═════ RECORDS ═════
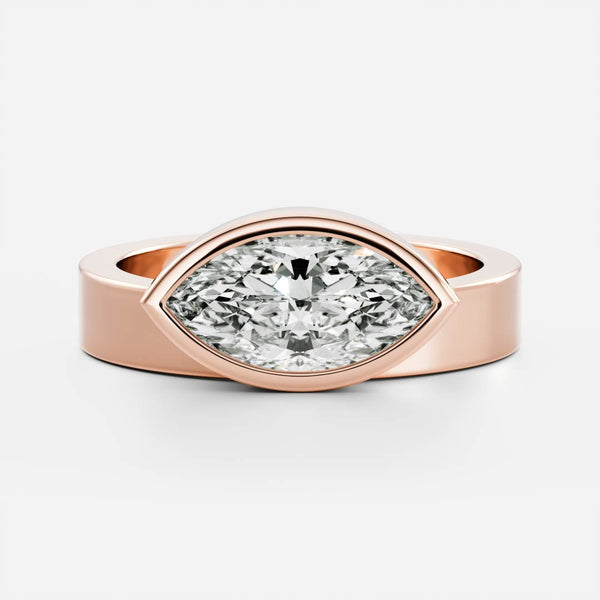 East West Solitaire Bezel- 2.0 CT Marquise Moissanite Engagement Ring - East West Solitaire Bezel- 2.0 CT Marquise Moissanite Engagement Ring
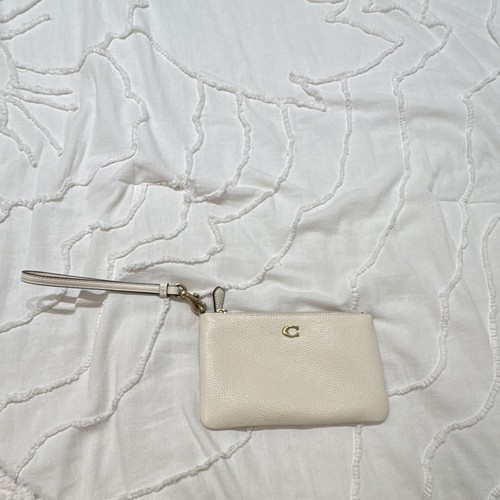 Coach cream wristlet - cream, with
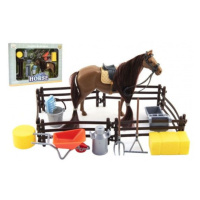 Kůň česací hnědý plast s doplňky a ohradou v krabici 34x25x5cm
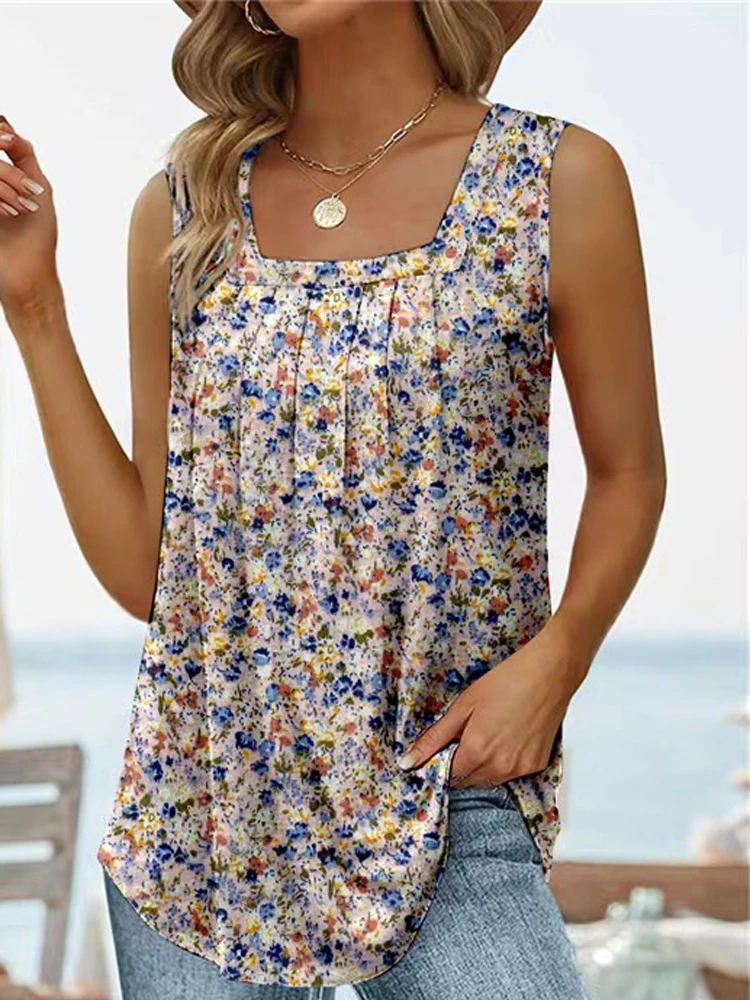 Women Floral Print Sleeveless Loose Fit Summer Vest Top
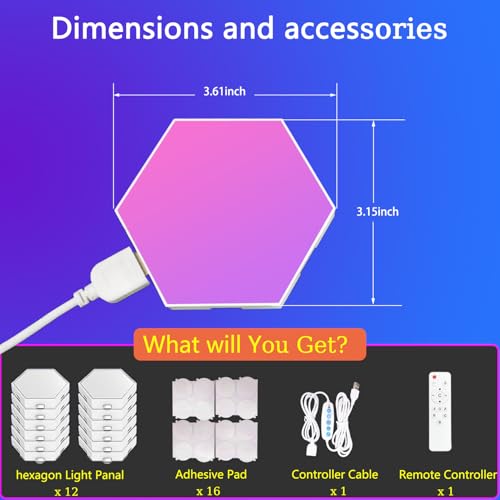 Image of RGB Hexagon Wall Lights, 12 Pack Smart LED Panel Lights with App & Remote, Music Sync, DIY Shapes for Living Room, Bedroom, Gaming Room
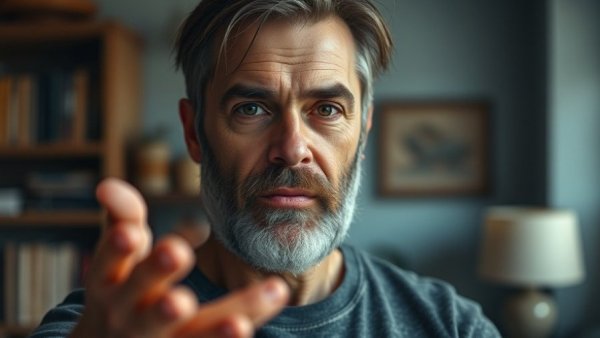 Man discussing freestanding tubs in a softly lit room.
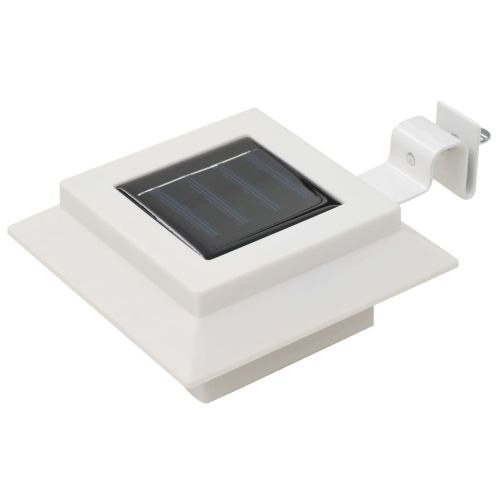 Градински соларни лампи, 6 бр, LED, квадратни, 12 см, бели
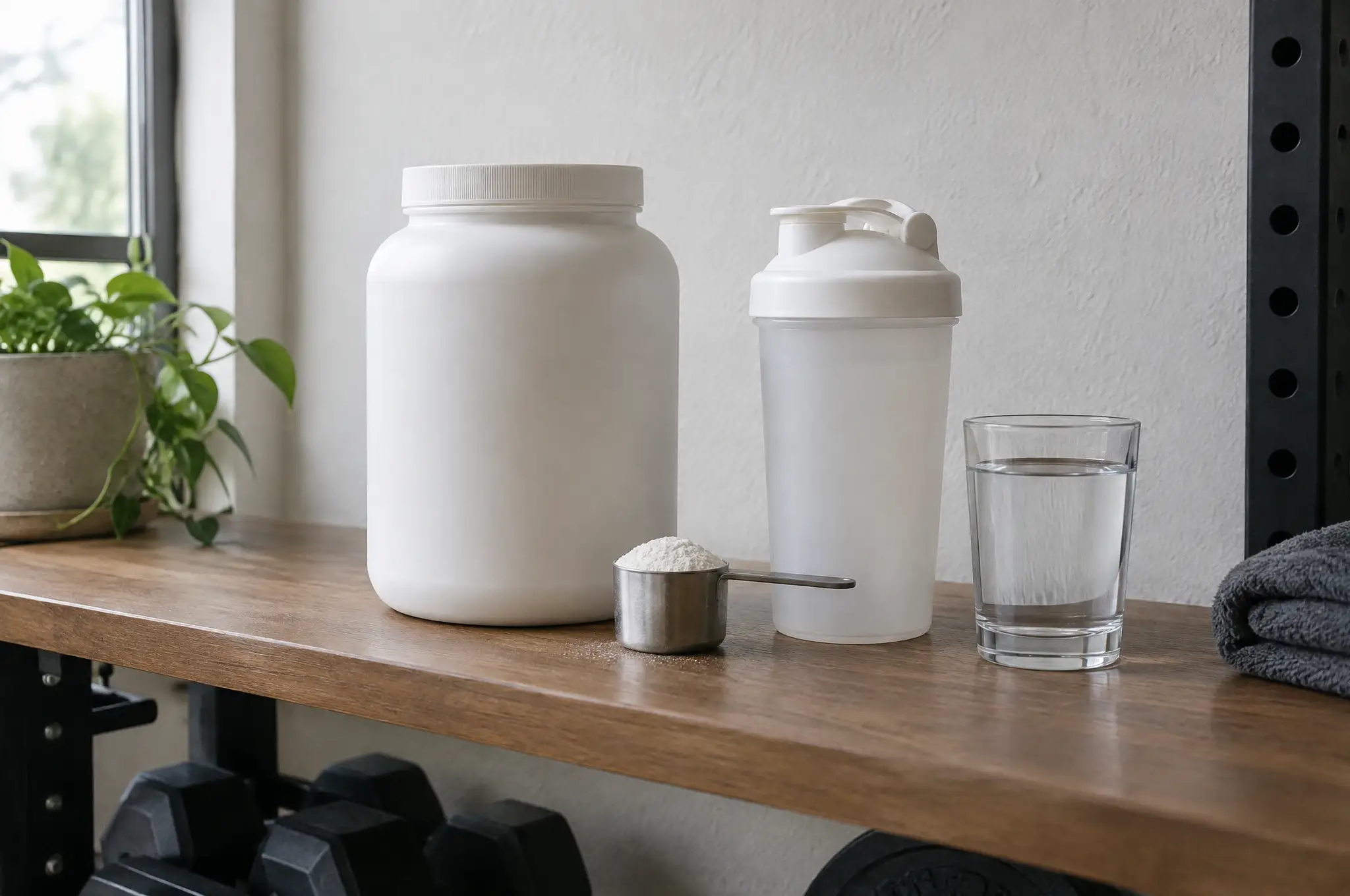 An unlabeled supplement tub, shaker bottle and scoop on a shelf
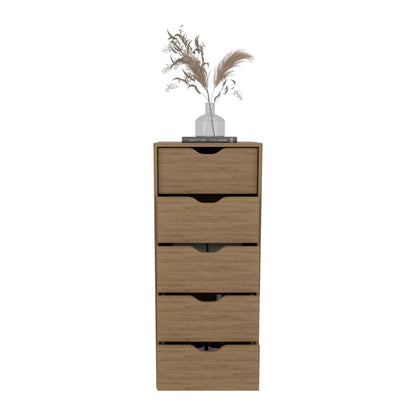 Basilea Tall Narrow Dresser with Five Pull-Out Drawers, Compact Storag TUHOMEFURNITURE Basilea Tall Narrow Dresser with Five Pull-Out Drawers, Compact Storag TUHOMEFURNITURE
═════
- TASK GOAL -
Return the listing verbatim, pictures omitted.

- TASK ANSWER -
 East West Solitaire Bezel- 2.0 CT Marquise Moissanite Engagement Ring - East West Solitaire Bezel- 2.0 CT Marquise Moissanite Engagement Ring
 Coach cream wristlet - cream, with
 Kůň česací hnědý plast s doplňky a ohradou v krabici 34x25x5cm
 Women Floral Print Sleeveless Loose Fit Summer Vest Top
 Image of RGB Hexagon Wall Lights, 12 Pack Smart LED Panel Lights with App & Remote, Music Sync, DIY Shapes for Living Room, Bedroom, Gaming Room
 Man discussing freestanding tubs in a softly lit room.
 Градински соларни лампи, 6 бр, LED, квадратни, 12 см, бели
 An unlabeled supplement tub, shaker bottle and scoop on a shelf
 Basilea Tall Narrow Dresser with Five Pull-Out Drawers, Compact Storag TUHOMEFURNITURE Basilea Tall Narrow Dresser with Five Pull-Out Drawers, Compact Storag TUHOMEFURNITURE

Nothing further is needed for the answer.